The task = Transcribe all of the data exactly. Images stay out.

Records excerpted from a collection
*** Begin section ***
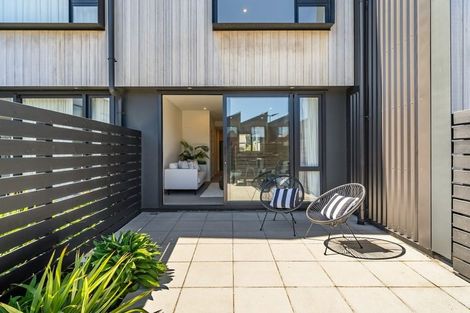 Photo of property in 17b Cuba Street, Petone, Lower Hutt, 5012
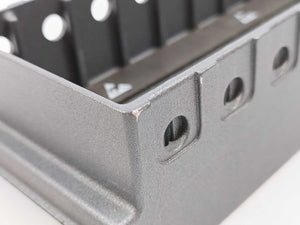 National Instruments 198944C-04L NI cRIO-9073, Control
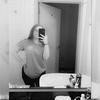 Profile Picture of BeautifulBri22 (@beautifulbri22) on Tiktok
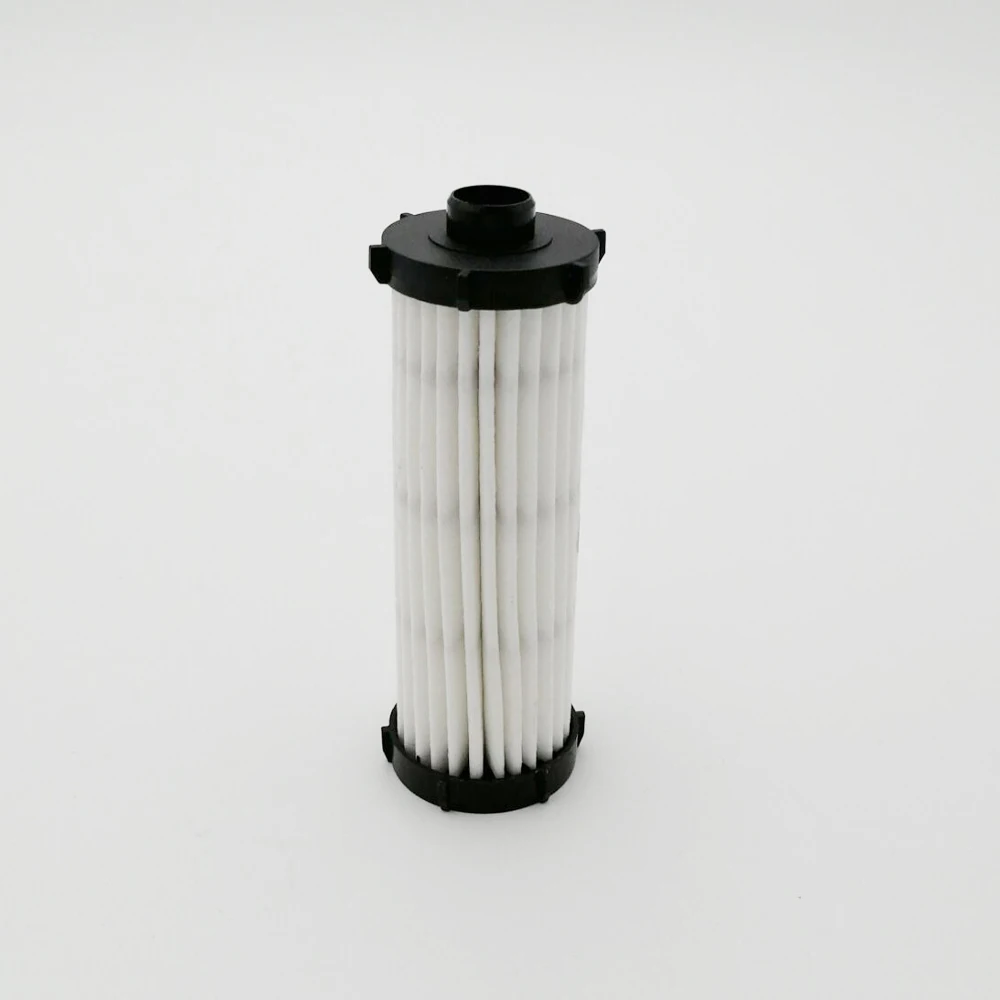 Гидравлический фильтр для FORD VOLVO RENAULT C-Max II 1589089 | Автомобили и мотоциклы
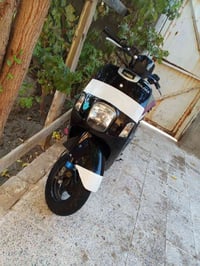 بوليس • كفاله عامه • كهربائية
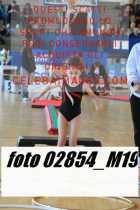 02854_M19-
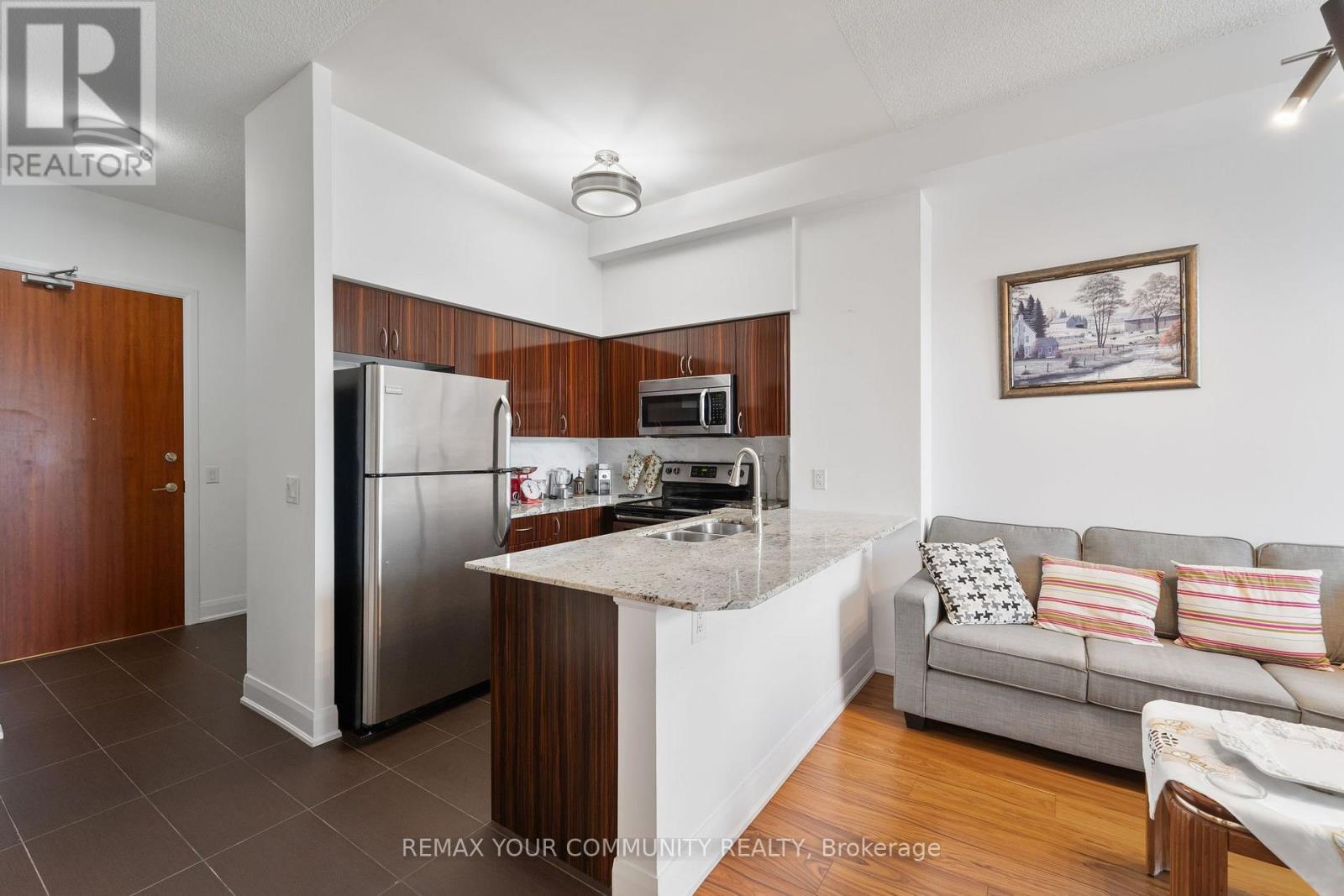 205 - 4700 Highway 7, Vaughan, Ontario  L4L 0B4 - Photo 24 - N13633462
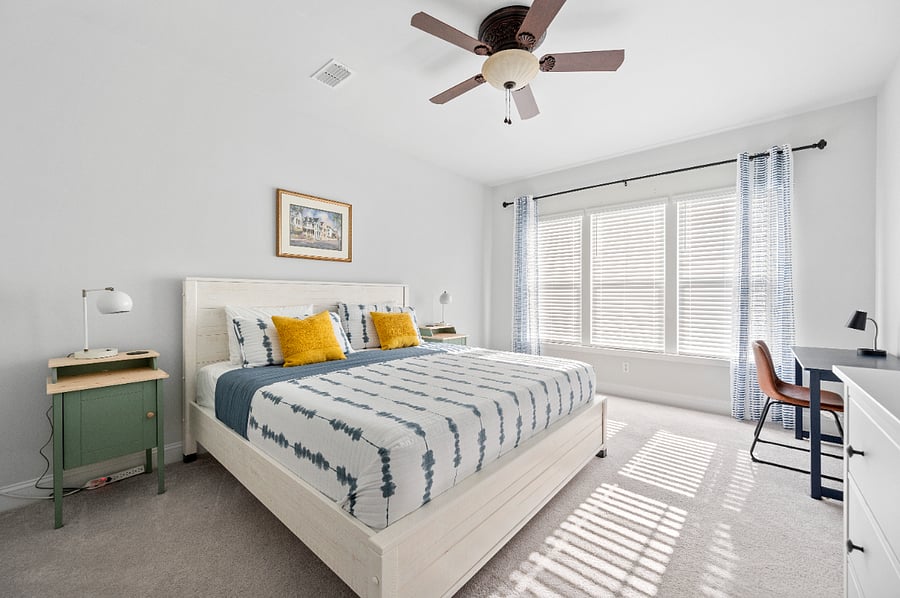 Furnished Finder property 636597_1 photo 27
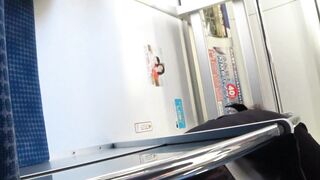 monnchanns19 voyeur jp 01-210526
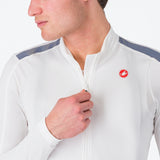 Puro 4 fietsshirt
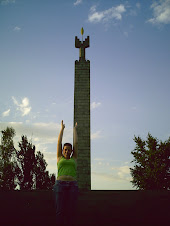 Monumento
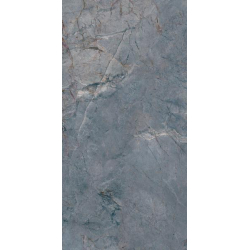 MONET BLUE GRES SZKL. REKT. POLER 59,8X119,8 GAT.1 (P.48491)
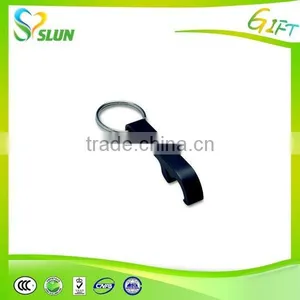 China 2015 Hot Sale Top Quality Key Bottle Opener thumbnail-4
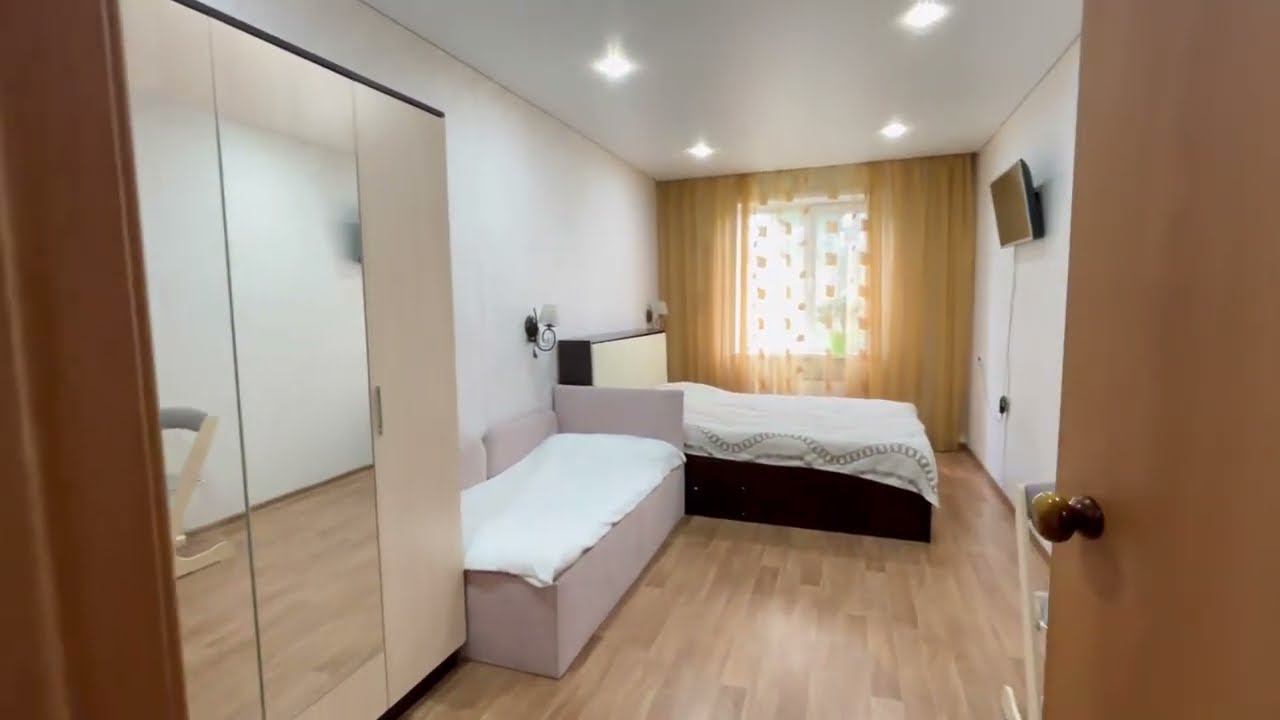 Челюскина 34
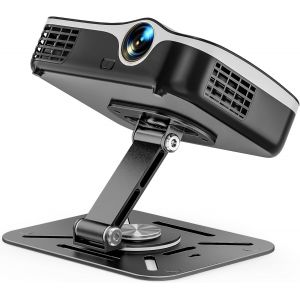 Lampe anti moustique interieur,Trois modes d'éclairage appareil moustique, produit anti moustique,clairage et lampe uv anti moustique mode 2-en-1, peut être suspendu,Pour l'intérieur, le camping,etc - Neuf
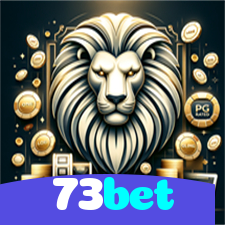 73bet：No futebol online, seu gol é sua grande vitória!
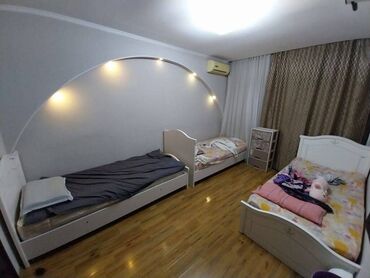Автобизнес: 🏠 СРОЧНО! Продаётся 3-комнатная квартира 🧱 Индивидуалка 📍 Район ЦУМ |
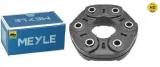 przegub-elast-walu-porsche-cayenne-02-10-meyle-100-152-3101-hd-waga-produktu-3-kg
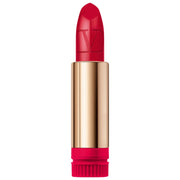 Valentino, Rosso, Satinfinish, Krämigt läppstift, 22R, Påfyllning, 3.5 g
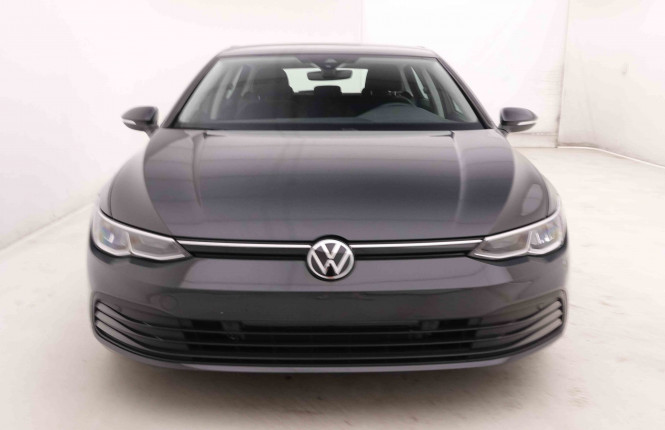 VOLKSWAGEN_VOLKSWAGEN_GOLF_2548346_23.jpg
*** End section ***
Exercise answer =
 Photo of property in 17b Cuba Street, Petone, Lower Hutt, 5012
 National Instruments 198944C-04L NI cRIO-9073, Control
 Profile Picture of BeautifulBri22 (@beautifulbri22) on Tiktok
 Гидравлический фильтр для FORD VOLVO RENAULT C-Max II 1589089 | Автомобили и мотоциклы
 بوليس • كفاله عامه • كهربائية
 02854_M19-
 205 - 4700 Highway 7, Vaughan, Ontario  L4L 0B4 - Photo 24 - N13633462
 Furnished Finder property 636597_1 photo 27
 monnchanns19 voyeur jp 01-210526
 Puro 4 fietsshirt
 Monumento
 MONET BLUE GRES SZKL. REKT. POLER 59,8X119,8 GAT.1 (P.48491)
 China 2015 Hot Sale Top Quality Key Bottle Opener thumbnail-4
 Челюскина 34
 Lampe anti moustique interieur,Trois modes d'éclairage appareil moustique, produit anti moustique,clairage et lampe uv anti moustique mode 2-en-1, peut être suspendu,Pour l'intérieur, le camping,etc - Neuf
 73bet：No futebol online, seu gol é sua grande vitória!
Автобизнес: 🏠 СРОЧНО! Продаётся 3-комнатная квартира 🧱 Индивидуалка 📍 Район ЦУМ |
 przegub-elast-walu-porsche-cayenne-02-10-meyle-100-152-3101-hd-waga-produktu-3-kg
 Valentino, Rosso, Satinfinish, Krämigt läppstift, 22R, Påfyllning, 3.5 g
 VOLKSWAGEN_VOLKSWAGEN_GOLF_2548346_23.jpg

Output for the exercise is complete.